--- Raw data ---

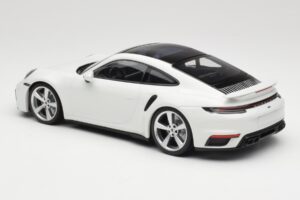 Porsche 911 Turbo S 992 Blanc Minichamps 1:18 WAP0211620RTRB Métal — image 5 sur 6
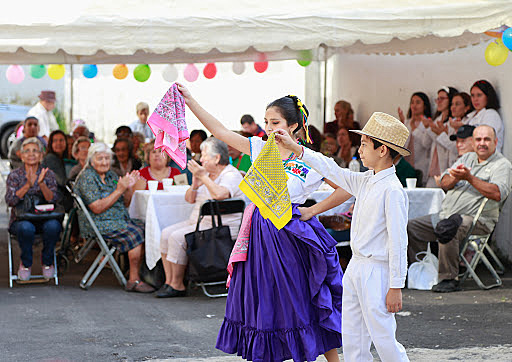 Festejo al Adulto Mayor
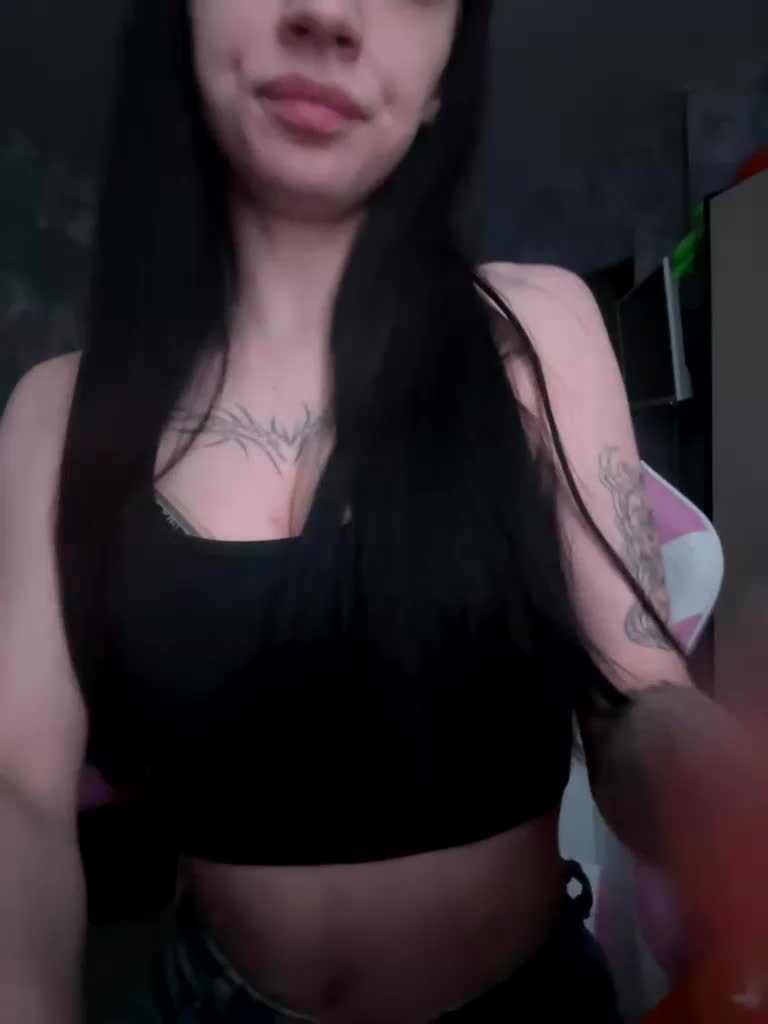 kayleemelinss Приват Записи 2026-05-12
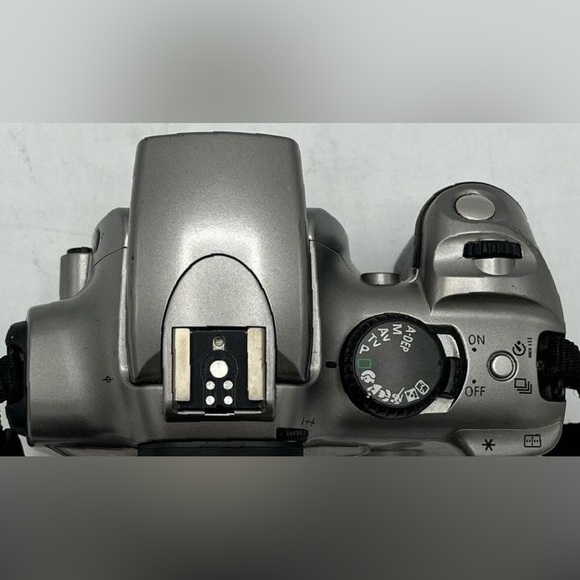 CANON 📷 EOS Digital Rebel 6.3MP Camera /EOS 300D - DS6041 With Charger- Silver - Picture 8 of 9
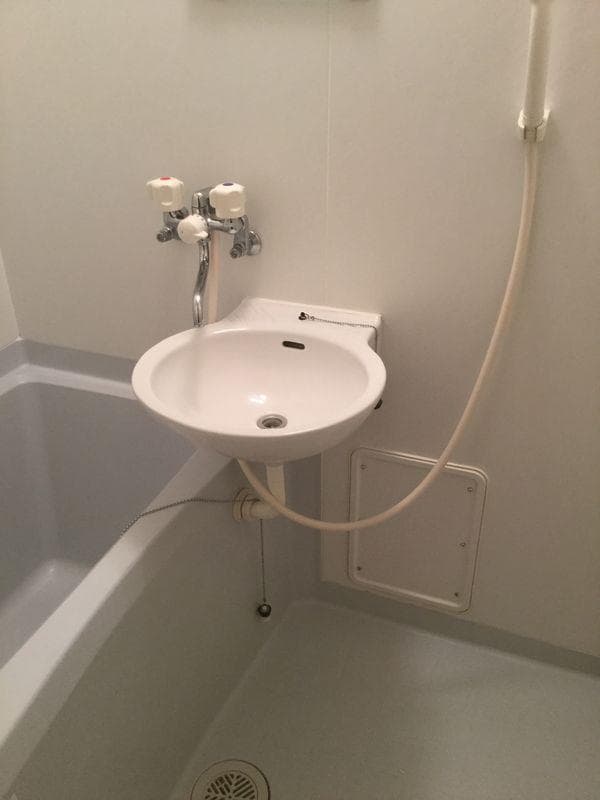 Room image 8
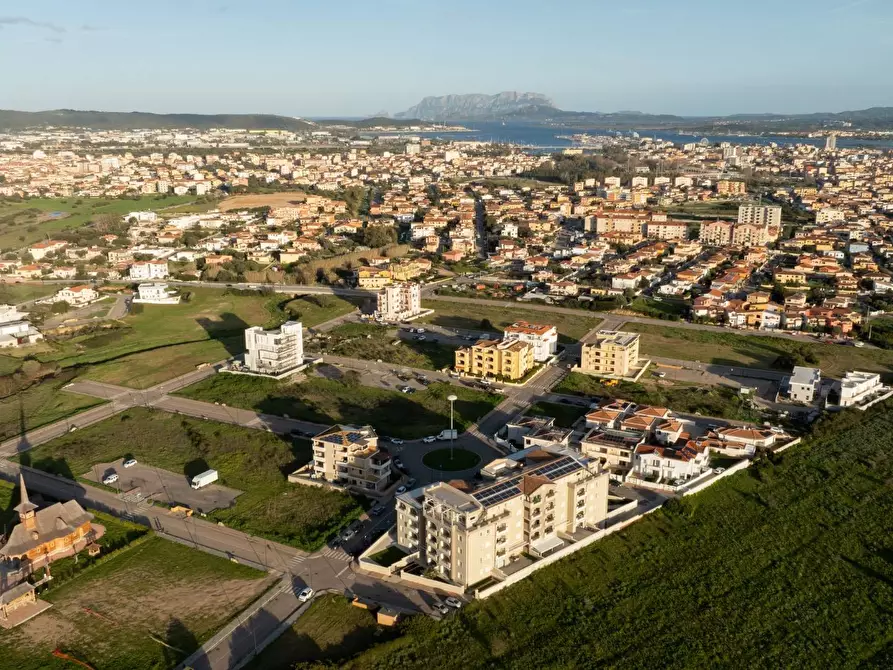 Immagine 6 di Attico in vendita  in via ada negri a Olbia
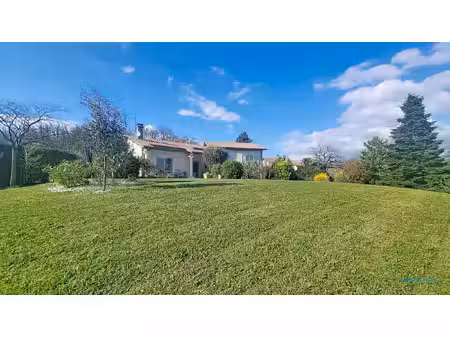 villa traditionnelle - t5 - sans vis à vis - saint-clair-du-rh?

---
--- Raw data ---

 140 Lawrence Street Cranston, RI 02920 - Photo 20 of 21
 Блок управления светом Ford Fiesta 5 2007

---
--- Raw data ---

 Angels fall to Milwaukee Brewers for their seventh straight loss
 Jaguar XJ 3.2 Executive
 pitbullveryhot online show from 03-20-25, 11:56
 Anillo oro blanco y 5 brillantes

---

_What the task asks:_
For the data above, set down exactly the lines from the line with "Porsche 911 Turbo" to the line with "villa traditionnelle - t5", both included, leaving pictures out.

_Result of this exercise:_
 Porsche 911 Turbo S 992 Blanc Minichamps 1:18 WAP0211620RTRB Métal — image 5 sur 6
 Festejo al Adulto Mayor
 kayleemelinss Приват Записи 2026-05-12
 CANON 📷 EOS Digital Rebel 6.3MP Camera /EOS 300D - DS6041 With Charger- Silver - Picture 8 of 9
 Room image 8
 Immagine 6 di Attico in vendita  in via ada negri a Olbia
 villa traditionnelle - t5 - sans vis à vis - saint-clair-du-rh?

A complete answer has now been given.